It seems as though there is a clash between hardware-oriented people vs. the software types, with very few people who have the ability to think in terms of the whole system and its genuine beauty.
In my mind, it all seems remarkably simple, and extremely elegant:
The local DAC clock is what directly defines the output sample rate and timing. Sample jitter at the output derives directly from this clock only. There are two possible basic configurations:
1. In an optimal configuration, the local DAC clock is the master clock and the rest of the system is slaved to it (examples would be the standard CD player, a PCI sound card, asynchronous USB). Here, the clock can be a simple but high precision crystal oscillator with fixed frequency, giving very low jitter. There is a small hardware buffer at the DAC and other buffers in the system.

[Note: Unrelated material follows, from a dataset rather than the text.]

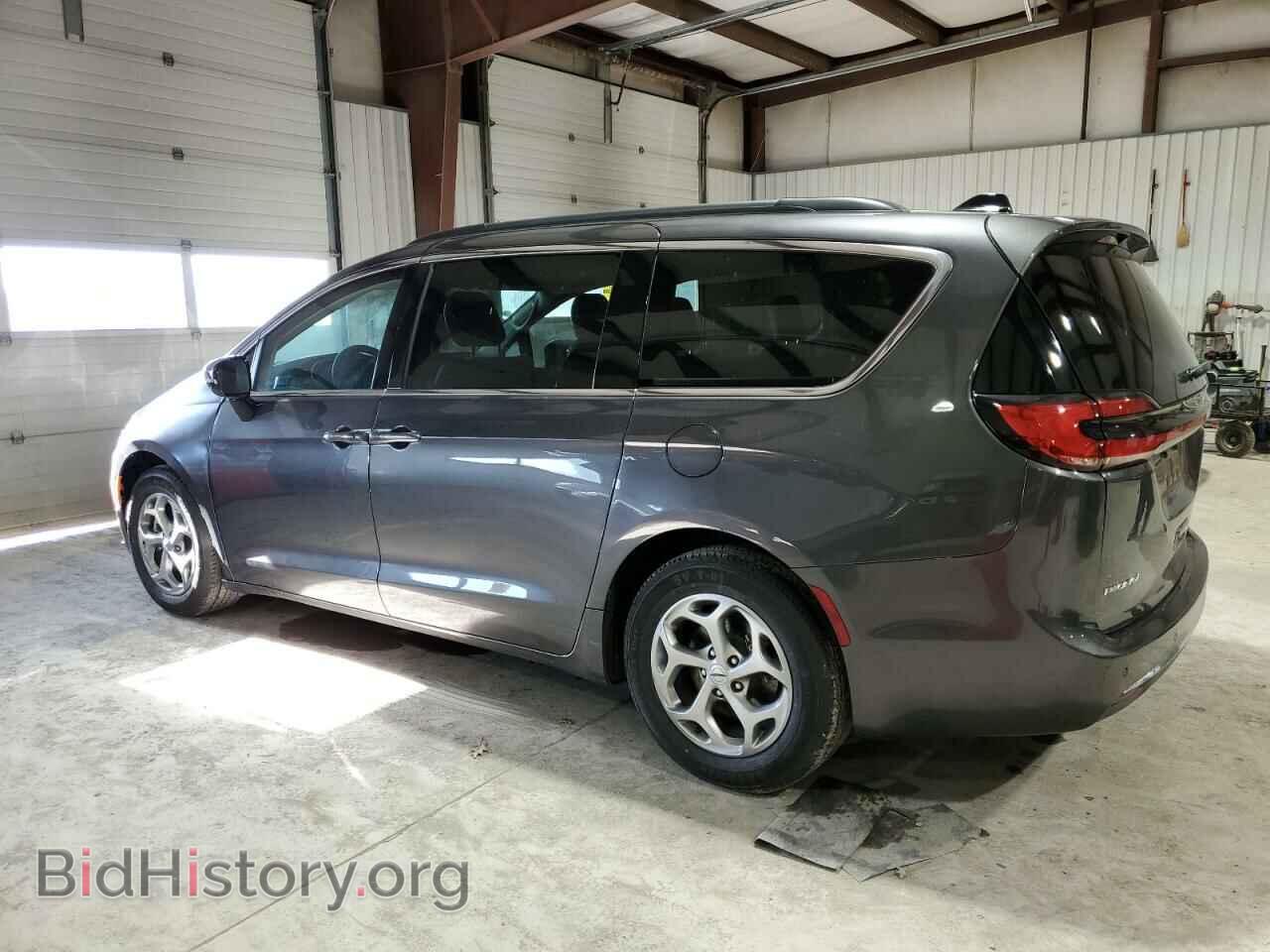 2023 CHRYSLER PACIFICA - VIN: 2C4RC1GG0PR610911 - Фото 2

Except for gross dropouts and data loss (if the overall system is not "real time enough"), this configuration can not be influenced by the timing of the software/OS etc.
2. In less optimal configurations, the local DAC clock has to be adjusted in response to the data (and embedded clock) streaming to it (e.g. SPDIF, isochronous USB-based DACs) and is affected wrt jitter by noise in the cable and jitter in the timing of the data/clock transmission. In this case, the master clock (defining sample rate) is the one at the sending end, and the local DAC clock is slaved to this. The data retrieval within the PC/playback device is also slaved to this, so its precise timing does not influence jitter. Data is, again, hardware-buffered at the DAC and played out at a rate set by the local clock's frequency, but here the local DAC clock frequency has to be derived from the timing of the data stream using a jitter-attenuating PLL that makes occasional, minimal frequency adjustments to maintain the same average sample rate as the sending end. As long as the sending end is hardware-buffered and regulated by a fixed-frequency clock, although the jitter will be 'worse' than option (1), it will not be affected by software/OS timing considerations. Luckily, this is just what happens:
Isochronous transfer
Data is sent out in frames every millisecond...

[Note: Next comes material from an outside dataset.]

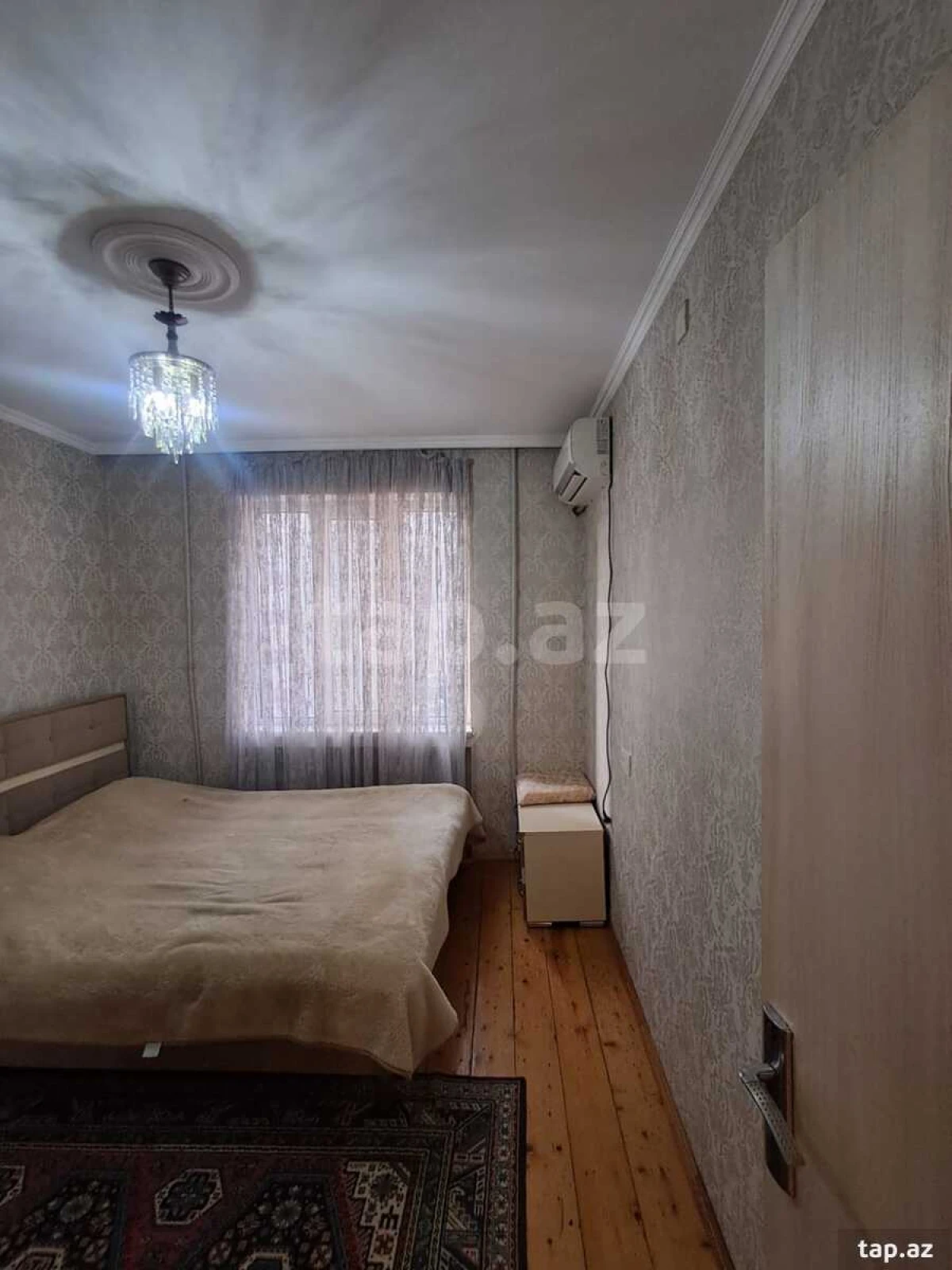 Satılır 2 otaqlı mənzil 60 m²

...The rate at which the frames go out is determined by a oscillator driving the USB bus.
This rate is independent of everything else going on in the PC.
http://www.thewelltemperedcomputer.com/KB/USB.html
And that's, er, it... The debate is only around whether the OS can not be guaranteed to provide the data in time (not the precise accuracy of that timing) which would lead to severe and highly-audible glitches, or some mysterious and undefinable noise/PSU/ground issue related to the load put on the CPU by everything it is having to do. Everything else is pretty sensible and was not designed by people completely ignorant of what jitter is or mystified as to how computers and DACs work.